John, could you repeat your question? We got cut off somehow.

Okay. The JZP 386 question -- can you hear me okay?

We can hear you, John.

So on JZP 386, the question just has to do with the extension of the half-life of the drug to optimize once-daily dosing. You indicated that you certainly want to feather out in the Phase 1 clinical trial, the PK PD issues that could be associated with the formulation.

John let me jump in. I heard the first two parts of your question and when you hit Aspecs we lost you. On the two parts of the question and then I'll let you jump in if I missed anything.

On the difference in metabolism and what we're looking for, you know this is the first trial in humans. We want to see what data we get. I'll remind you that in terms of what the perfect profile would be, I don't think anyone knows the answer to that question because it hasn't been studied. So Xyrem with its relatively short half-life and it's twice nightly dosing has been extensively studied. There's good data out there.

What would happen if you gave different profiles of sodium oxybate, regardless of how you achieve that through [deuteration] drug delivery technologies, completely different compound exactly what that would do to efficacy to safety no one knows, I think, and we're certainly talking to all the experts, so I can't really comment on what the ideal profile would be. We certainly have some ideas of what we think ought to work and ought to be beneficial to patients and let's see what profile we actually get and whether the early data, including the PD data, would suggest that we've got something interesting.

In terms of the decision to do the first trial in Europe really that was just expedience.
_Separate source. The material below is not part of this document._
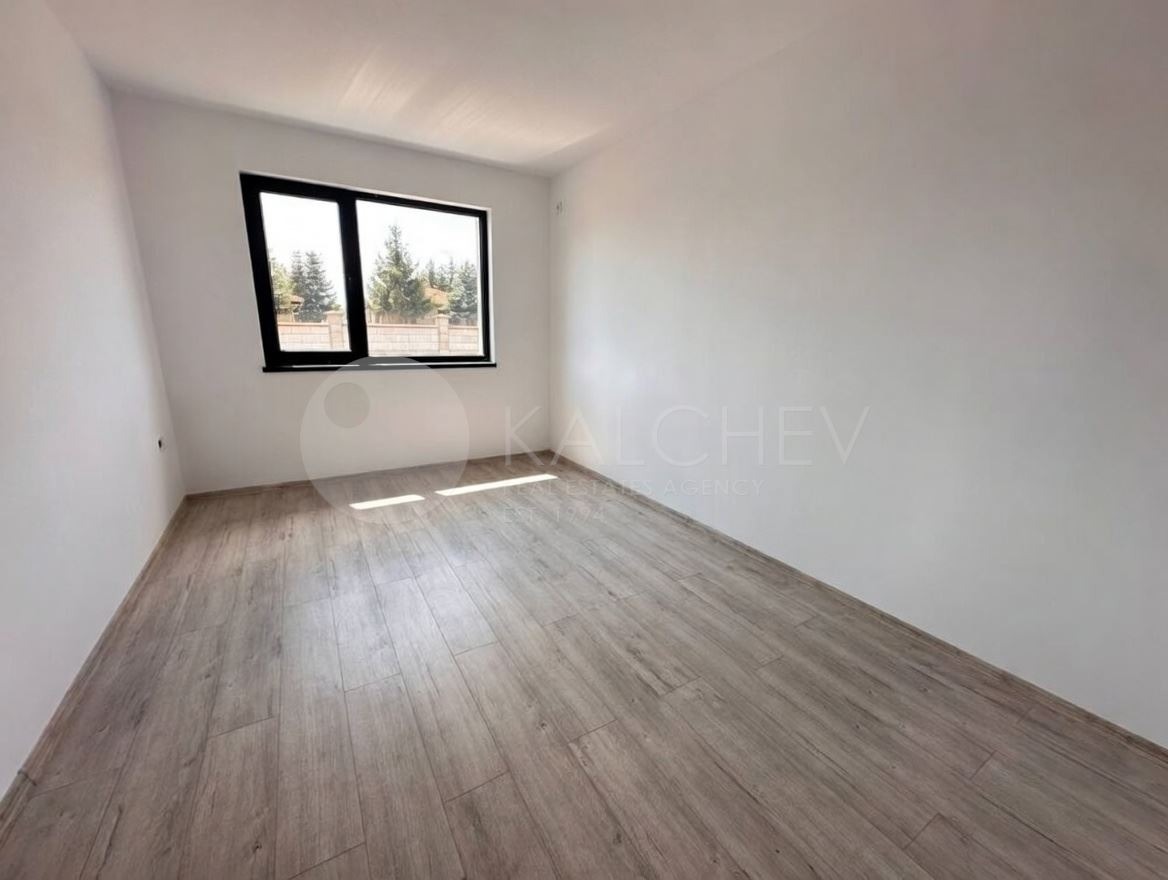 Продава КЪЩА, гр. Балчик, област Добрич, снимка 6 - Къщи - 54212190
That was our goal and Concert's goal was to generate data sooner rather than later. That was the quickest path we saw to do it and so that's what we're doing. It to not reflect any particular feedback positive or negative from FDA. It was just the path we saw to get there fastest.
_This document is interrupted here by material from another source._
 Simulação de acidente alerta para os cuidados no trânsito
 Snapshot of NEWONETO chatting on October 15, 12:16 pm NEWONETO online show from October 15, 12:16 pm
The trial didn't appear on clinical trials.gov, so did the FDA review it or not review it?

So we have not submitted the US IND at this point.

Okay. That's great. Thanks and then just JZP-110?
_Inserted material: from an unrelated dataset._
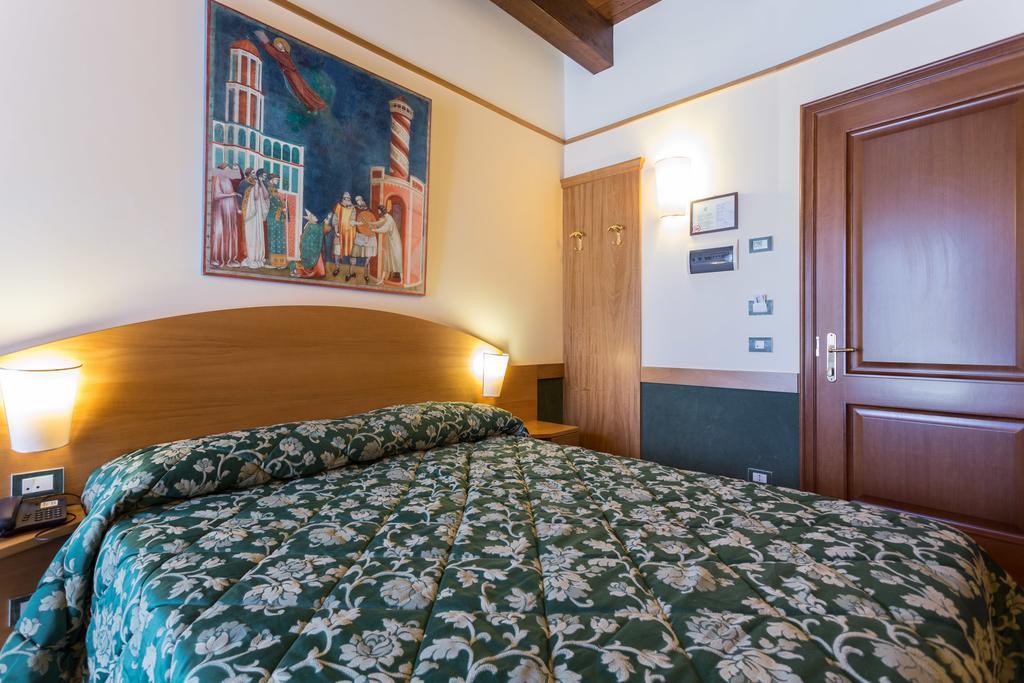 Economy Doppel-/Zweibettzimmer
On JZP-110 what did you want to know?

So the question has to do with you certainly indicated that the profile from the Phase 2 clinical trial data that you presented that physicians have certainly embraced it and see it highly differentiated versus Provigil and Nuvigil. Have you had an opportunity to take that profile since a lot of physicians are [hosting] their facility to prescribe through tiered structures take that to managed care and what kind of feedback, if you have, has managed care given you about the profile on JZP-110, as you're about to spend $100 million on clinical development of the compound?

So certainly before we close the deal with Ariel we did significant market research. Sorry for the sound of the re-dialing in the background. We certainly did market research to understand what the needs were out there from a patient perspective, a treater perspective both in the narcolepsy and the OSA populations.

And we believe that bringing out a product, if successful, that would meet the needs of the roughly half of the diagnosed and treated narcolepsy patients who can't tolerate other stimulants or don't get the benefit they need in reducing their EDS symptoms, you know particularly if they've tried and failed other available agents, is a pretty compelling value proposition. I think the same thing could be said of OSA patients who despite being on CPAP therapy, and trying other drug therapy, similarly aren't getting the relief from the excessive daytime sleepiness that they need.

Thanks a lot for answering the questions.

No problem.

Looks like there are no further questions in queue. So, I'll turn it back to Kathee for closing remarks.

Let me hand it back over to Kathee.

Thank you. Thank you all for joining us today. Were planning to attend the Canaccord Genuity and FBR healthcare conferences in the third quarter and we look forward to seeing many of you there. Thanks and have a good evening.

This concludes today's conference. Thanks for your participation. You can disconnect and have a wonderful day.